The Jaguar D-Type revolutionized sports car design with aircraft-inspired, lightweight engineering and achingly gorgeous aerodynamics contoured for new top speed records that Jaguar seemed to set year after year at Le Mans. The ground-breaking car would earn Jaguar a hat trick of Le Mans victories. The earliest D-Types were constructed for use solely by the Works competition department. The car on offer, ‘OKV 2,’ was in the first group of three D-Types constructed for Jaguar’s all-out assault on the 1954 24 Hours of Le Mans.
‘OKV 2’ was designated as team lead for Le Mans, with none other than Stirling Moss and his favored co-driver, Peter Walker, behind the wheel. The pair set the fastest time in practice and a record top speed of a blistering 172.97 miles per hour with ‘OKV 2’down the Mulsanne straight. Though they eventually retired with brake issues, several further outings at the international level followed for ‘OKV 2’ in the 1954 season.
“Today, ‘OKV 2’ straddles the line between race and road car perhaps better than any other”, says Jakob Greisen, Senior Car Specialist, Broad Arrow Auctions, “It was built as the exemplar D-Type to lead the Works team, piloted by the best-of-the-best drivers, campaigned at some of motorsport’s most important events, and remains a versatile competitor on historic tours, rallies, and races. It is extensively documented with period testing and Le Mans paperwork and an abundance of archival racing imagery, and is offered at Broad Arrow’s 2025 Amelia Auction, selling without reserve, from 15 years of devoted enthusiast ownership”.
Following additional successful races and two Works testing stints with legendary drivers Norman Dewis, Mike Hawthorn, and Ninian Sanderson, the D-Type was sold in the spring of 1955 to Jack Broadhead for Jaguar’s PR man, Bob Berry to race. Berry proved himself quite the wheelman that year with numerous fine finishes that included three second-place podiums at Goodwood and a further second at Aintree. Following a shunt at Dundrod, the final major race of the season, OKV 2 was rebuilt at Jaguar Works over the winter with a Works-type integral subframe assembly and fitted with larger diameter roll bars and a 1955-style front bonnet. After another successful 1956 season for Berry and OKV 2, save for a few races in 1957, Berry’s time with ‘OKV 2’ would come to an end.

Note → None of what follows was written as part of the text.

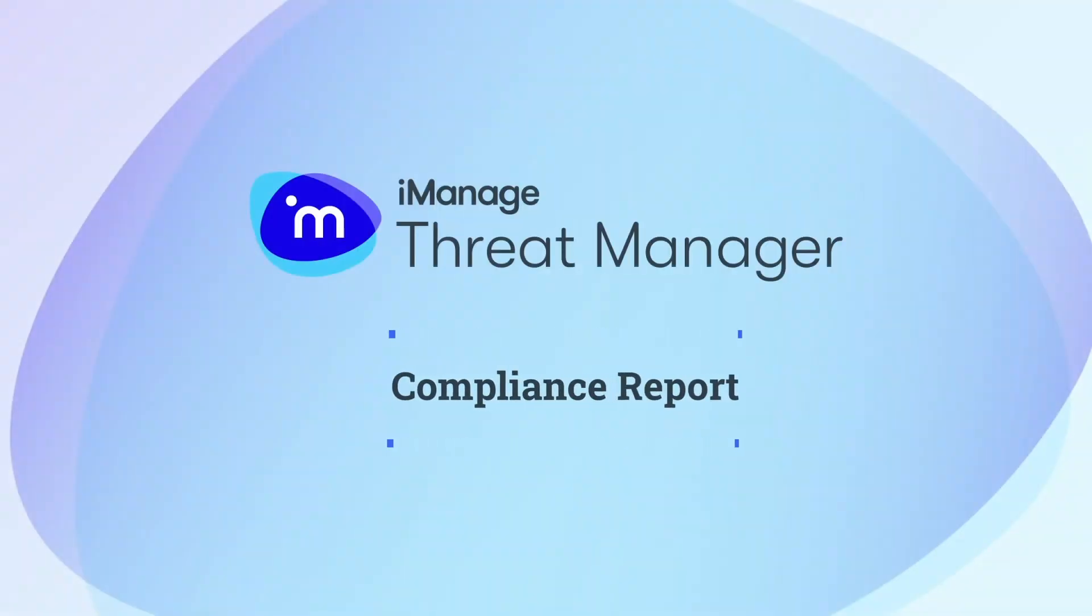In this video, let's understand what the Compliance Report conveys in iManage Threat Manager.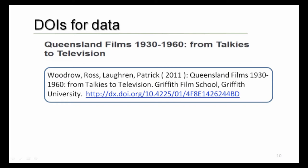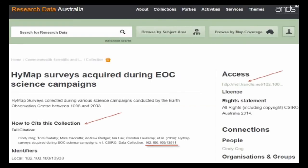I wanted to introduce here the clarification that while DOIs are considered best practice for data citation, they're not essential — they're two different but related concepts. Authors can cite their own data or data from other sources without a DOI, for example using a URL or a handle. In this example from Research Data Australia, you can see that a handle has been used in the citation rather than a DOI.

The car was campaigned by Ecurie Broadhead until 1959, when its engine was quiet for the first time in five years. In 1960, the car was sold to Gerald Montgomery Crozier, a Bentley racer, and began a short chain of gentleman racer ownership before landing with Lynx Engineering in the late 1970s for restoration as an amazingly unspoiled race car. In 1999, Terry Larson, a foremost D-Type expert who has thoroughly documented the car, acquired ‘OKV 2’ and would go on to drive it in the second running of the Goodwood Revival along with the Colorado Grand, California Mille, Copperstate 1000, and numerous Jaguar C- & D-Type Tours. Under Larson’s stewardship, Jaguar Test Driver Norman Dewis piloted the car at two Monterey Historic Races at Laguna Seca, a momentous reunion of man and machine after 45 years apart.
Larson parted with the car after a decade, trading it for a Jaguar XKSS. Since that time, the D-Type has been held by a noted west coast collector of significant sports and sports racing cars. Under his ownership it has seen thorough sorting along with numerous additional historic races, including a reunion with Stirling Moss at The Pacific-Union Club in San Francisco in 2011 and a return to Circuit de la Sarthe for the 2012 Le Mans Classic.